◆ Task to complete
Lines in the listing under this task are to be copied exactly.

◆ Supplied data
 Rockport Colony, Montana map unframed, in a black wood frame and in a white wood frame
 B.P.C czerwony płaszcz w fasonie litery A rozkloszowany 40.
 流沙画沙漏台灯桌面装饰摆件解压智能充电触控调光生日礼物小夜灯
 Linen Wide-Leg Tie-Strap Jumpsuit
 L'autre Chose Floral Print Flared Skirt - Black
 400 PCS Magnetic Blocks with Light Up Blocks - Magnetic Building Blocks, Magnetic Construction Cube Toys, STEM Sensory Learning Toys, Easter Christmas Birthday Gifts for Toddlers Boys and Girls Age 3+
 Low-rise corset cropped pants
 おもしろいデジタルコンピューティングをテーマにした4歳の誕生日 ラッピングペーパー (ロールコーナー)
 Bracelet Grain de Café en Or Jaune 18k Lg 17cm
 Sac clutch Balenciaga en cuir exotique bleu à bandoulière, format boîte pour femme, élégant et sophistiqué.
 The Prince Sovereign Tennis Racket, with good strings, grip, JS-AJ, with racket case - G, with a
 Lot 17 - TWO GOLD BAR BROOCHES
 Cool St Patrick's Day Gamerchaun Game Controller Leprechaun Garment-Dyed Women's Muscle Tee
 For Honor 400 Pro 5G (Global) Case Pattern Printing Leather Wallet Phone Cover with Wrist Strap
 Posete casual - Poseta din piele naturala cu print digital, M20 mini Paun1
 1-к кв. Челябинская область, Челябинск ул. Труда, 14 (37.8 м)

◆ Answer to this exercise
 Rockport Colony, Montana map unframed, in a black wood frame and in a white wood frame
 B.P.C czerwony płaszcz w fasonie litery A rozkloszowany 40.
 流沙画沙漏台灯桌面装饰摆件解压智能充电触控调光生日礼物小夜灯
 Linen Wide-Leg Tie-Strap Jumpsuit
 L'autre Chose Floral Print Flared Skirt - Black
 400 PCS Magnetic Blocks with Light Up Blocks - Magnetic Building Blocks, Magnetic Construction Cube Toys, STEM Sensory Learning Toys, Easter Christmas Birthday Gifts for Toddlers Boys and Girls Age 3+
 Low-rise corset cropped pants
 おもしろいデジタルコンピューティングをテーマにした4歳の誕生日 ラッピングペーパー (ロールコーナー)
 Bracelet Grain de Café en Or Jaune 18k Lg 17cm
 Sac clutch Balenciaga en cuir exotique bleu à bandoulière, format boîte pour femme, élégant et sophistiqué.
 The Prince Sovereign Tennis Racket, with good strings, grip, JS-AJ, with racket case - G, with a
 Lot 17 - TWO GOLD BAR BROOCHES
 Cool St Patrick's Day Gamerchaun Game Controller Leprechaun Garment-Dyed Women's Muscle Tee
 For Honor 400 Pro 5G (Global) Case Pattern Printing Leather Wallet Phone Cover with Wrist Strap
 Posete casual - Poseta din piele naturala cu print digital, M20 mini Paun1
 1-к кв. Челябинская область, Челябинск ул. Труда, 14 (37.8 м)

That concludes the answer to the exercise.